• **ABOUT THIS EXERCISE**: Beginning with the line below that contains "APPARTAMENTO LA CASA PIU BELLA - Foto 3" and ending with the line that contains "يوكن SLT 2018 دبل فل اوبشن6", copy every line exactly. Copy nothing else.

[Stored records]

=== Section Start ===

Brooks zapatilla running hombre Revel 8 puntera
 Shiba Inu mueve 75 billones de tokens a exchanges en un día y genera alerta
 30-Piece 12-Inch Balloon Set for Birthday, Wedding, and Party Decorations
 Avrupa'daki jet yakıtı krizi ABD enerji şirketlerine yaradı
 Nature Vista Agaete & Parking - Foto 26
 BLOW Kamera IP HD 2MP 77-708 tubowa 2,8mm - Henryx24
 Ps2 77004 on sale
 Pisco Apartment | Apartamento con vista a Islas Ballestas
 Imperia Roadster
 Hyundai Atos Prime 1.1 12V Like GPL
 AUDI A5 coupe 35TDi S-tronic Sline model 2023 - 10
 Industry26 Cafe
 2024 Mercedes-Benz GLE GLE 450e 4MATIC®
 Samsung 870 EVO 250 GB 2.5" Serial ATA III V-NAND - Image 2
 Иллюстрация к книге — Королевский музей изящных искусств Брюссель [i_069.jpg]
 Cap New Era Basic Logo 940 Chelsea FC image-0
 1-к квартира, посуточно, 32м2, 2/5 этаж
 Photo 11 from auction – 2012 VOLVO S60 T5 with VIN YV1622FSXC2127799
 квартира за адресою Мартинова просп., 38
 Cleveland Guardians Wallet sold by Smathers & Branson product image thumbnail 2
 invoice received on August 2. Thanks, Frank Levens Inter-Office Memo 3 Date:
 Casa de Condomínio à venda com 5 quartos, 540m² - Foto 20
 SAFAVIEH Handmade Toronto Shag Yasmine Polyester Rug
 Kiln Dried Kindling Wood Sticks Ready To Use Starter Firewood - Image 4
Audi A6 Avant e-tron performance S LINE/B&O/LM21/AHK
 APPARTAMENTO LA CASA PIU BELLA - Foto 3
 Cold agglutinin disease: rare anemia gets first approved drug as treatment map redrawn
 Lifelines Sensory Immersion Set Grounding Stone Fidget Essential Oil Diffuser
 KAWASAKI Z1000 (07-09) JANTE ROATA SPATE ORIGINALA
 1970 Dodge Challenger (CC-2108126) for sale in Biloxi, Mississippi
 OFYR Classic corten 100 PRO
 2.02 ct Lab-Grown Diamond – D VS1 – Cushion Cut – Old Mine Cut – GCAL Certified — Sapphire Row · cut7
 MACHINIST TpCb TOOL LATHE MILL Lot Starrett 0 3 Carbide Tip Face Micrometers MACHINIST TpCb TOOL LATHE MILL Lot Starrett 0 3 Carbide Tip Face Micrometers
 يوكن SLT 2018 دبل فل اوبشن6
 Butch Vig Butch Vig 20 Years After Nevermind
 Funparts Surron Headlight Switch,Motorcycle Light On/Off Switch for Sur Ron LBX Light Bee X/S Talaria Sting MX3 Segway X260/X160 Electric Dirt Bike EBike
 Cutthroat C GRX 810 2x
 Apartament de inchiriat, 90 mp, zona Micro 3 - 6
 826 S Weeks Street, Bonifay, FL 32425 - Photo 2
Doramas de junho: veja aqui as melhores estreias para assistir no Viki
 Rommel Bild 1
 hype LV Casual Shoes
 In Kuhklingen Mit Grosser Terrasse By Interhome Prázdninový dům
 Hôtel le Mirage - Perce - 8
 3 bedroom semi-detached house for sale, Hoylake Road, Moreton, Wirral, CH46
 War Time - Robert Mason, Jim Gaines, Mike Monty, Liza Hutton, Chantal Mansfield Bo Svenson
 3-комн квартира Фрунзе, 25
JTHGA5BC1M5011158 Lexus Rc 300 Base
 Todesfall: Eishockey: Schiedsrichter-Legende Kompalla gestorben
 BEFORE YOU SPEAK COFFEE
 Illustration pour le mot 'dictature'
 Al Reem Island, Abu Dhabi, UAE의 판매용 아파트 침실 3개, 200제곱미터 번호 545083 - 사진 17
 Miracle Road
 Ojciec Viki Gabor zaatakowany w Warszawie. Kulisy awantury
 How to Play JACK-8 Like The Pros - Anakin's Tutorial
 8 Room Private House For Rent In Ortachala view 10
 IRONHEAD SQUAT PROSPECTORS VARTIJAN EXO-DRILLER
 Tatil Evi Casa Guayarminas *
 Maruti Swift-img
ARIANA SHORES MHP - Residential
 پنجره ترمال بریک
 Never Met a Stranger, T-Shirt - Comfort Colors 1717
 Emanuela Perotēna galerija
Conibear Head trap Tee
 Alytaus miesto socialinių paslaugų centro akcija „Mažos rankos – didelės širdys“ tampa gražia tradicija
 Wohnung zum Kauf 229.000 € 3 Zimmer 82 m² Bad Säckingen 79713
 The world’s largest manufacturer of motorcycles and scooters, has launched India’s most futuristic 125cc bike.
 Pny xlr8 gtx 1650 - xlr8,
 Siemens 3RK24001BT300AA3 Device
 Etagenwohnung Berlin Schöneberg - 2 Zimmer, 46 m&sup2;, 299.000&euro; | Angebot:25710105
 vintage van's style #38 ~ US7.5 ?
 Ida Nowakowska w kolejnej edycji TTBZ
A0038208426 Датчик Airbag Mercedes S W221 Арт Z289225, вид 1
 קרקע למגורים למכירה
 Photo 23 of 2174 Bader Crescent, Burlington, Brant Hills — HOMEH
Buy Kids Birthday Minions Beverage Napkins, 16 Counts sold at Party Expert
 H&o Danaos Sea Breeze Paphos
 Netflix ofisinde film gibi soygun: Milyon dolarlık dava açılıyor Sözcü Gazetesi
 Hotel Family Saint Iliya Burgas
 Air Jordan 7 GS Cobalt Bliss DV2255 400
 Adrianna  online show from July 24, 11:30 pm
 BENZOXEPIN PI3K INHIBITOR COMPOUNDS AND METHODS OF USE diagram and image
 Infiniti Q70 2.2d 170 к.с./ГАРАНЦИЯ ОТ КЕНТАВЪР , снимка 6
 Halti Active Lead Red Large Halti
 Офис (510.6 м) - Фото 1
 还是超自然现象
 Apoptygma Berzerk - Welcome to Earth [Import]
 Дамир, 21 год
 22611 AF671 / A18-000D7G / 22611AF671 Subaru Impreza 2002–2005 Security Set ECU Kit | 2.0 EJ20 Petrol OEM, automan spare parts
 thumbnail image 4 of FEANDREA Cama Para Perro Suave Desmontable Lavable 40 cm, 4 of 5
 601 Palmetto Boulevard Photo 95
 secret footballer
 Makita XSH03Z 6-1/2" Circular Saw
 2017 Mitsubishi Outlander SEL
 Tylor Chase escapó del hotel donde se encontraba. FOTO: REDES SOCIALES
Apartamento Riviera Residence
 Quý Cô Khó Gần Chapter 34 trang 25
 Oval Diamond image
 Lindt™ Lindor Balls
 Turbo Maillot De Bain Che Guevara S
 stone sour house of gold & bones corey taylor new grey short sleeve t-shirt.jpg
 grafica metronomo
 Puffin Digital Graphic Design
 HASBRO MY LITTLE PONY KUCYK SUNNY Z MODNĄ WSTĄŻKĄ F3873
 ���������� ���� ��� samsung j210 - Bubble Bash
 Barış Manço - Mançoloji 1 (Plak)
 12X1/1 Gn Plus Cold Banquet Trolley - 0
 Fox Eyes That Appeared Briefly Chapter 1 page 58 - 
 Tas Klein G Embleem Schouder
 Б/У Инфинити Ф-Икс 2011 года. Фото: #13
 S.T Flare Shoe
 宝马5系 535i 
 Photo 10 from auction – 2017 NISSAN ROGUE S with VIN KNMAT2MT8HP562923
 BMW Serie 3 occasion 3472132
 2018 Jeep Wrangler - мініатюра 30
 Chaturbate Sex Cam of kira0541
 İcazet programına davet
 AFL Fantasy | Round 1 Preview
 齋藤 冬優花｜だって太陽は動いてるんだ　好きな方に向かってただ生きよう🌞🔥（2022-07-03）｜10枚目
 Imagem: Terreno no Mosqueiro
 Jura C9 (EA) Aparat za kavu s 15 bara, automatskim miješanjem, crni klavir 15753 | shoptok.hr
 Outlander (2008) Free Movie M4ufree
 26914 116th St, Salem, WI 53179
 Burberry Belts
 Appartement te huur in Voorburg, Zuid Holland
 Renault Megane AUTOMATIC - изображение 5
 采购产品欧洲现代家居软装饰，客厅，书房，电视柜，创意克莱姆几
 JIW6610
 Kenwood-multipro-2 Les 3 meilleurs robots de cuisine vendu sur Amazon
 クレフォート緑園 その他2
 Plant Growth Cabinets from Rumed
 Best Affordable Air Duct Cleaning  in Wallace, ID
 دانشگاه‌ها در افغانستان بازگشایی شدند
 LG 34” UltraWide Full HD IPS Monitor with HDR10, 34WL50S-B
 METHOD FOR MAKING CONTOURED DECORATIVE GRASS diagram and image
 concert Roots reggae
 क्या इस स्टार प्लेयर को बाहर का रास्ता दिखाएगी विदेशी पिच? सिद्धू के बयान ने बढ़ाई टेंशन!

=== Section End ===

• **TASK OUTPUT**:
 APPARTAMENTO LA CASA PIU BELLA - Foto 3
 Cold agglutinin disease: rare anemia gets first approved drug as treatment map redrawn
 Lifelines Sensory Immersion Set Grounding Stone Fidget Essential Oil Diffuser
 KAWASAKI Z1000 (07-09) JANTE ROATA SPATE ORIGINALA
 1970 Dodge Challenger (CC-2108126) for sale in Biloxi, Mississippi
 OFYR Classic corten 100 PRO
 2.02 ct Lab-Grown Diamond – D VS1 – Cushion Cut – Old Mine Cut – GCAL Certified — Sapphire Row · cut7
 MACHINIST TpCb TOOL LATHE MILL Lot Starrett 0 3 Carbide Tip Face Micrometers MACHINIST TpCb TOOL LATHE MILL Lot Starrett 0 3 Carbide Tip Face Micrometers
 يوكن SLT 2018 دبل فل اوبشن6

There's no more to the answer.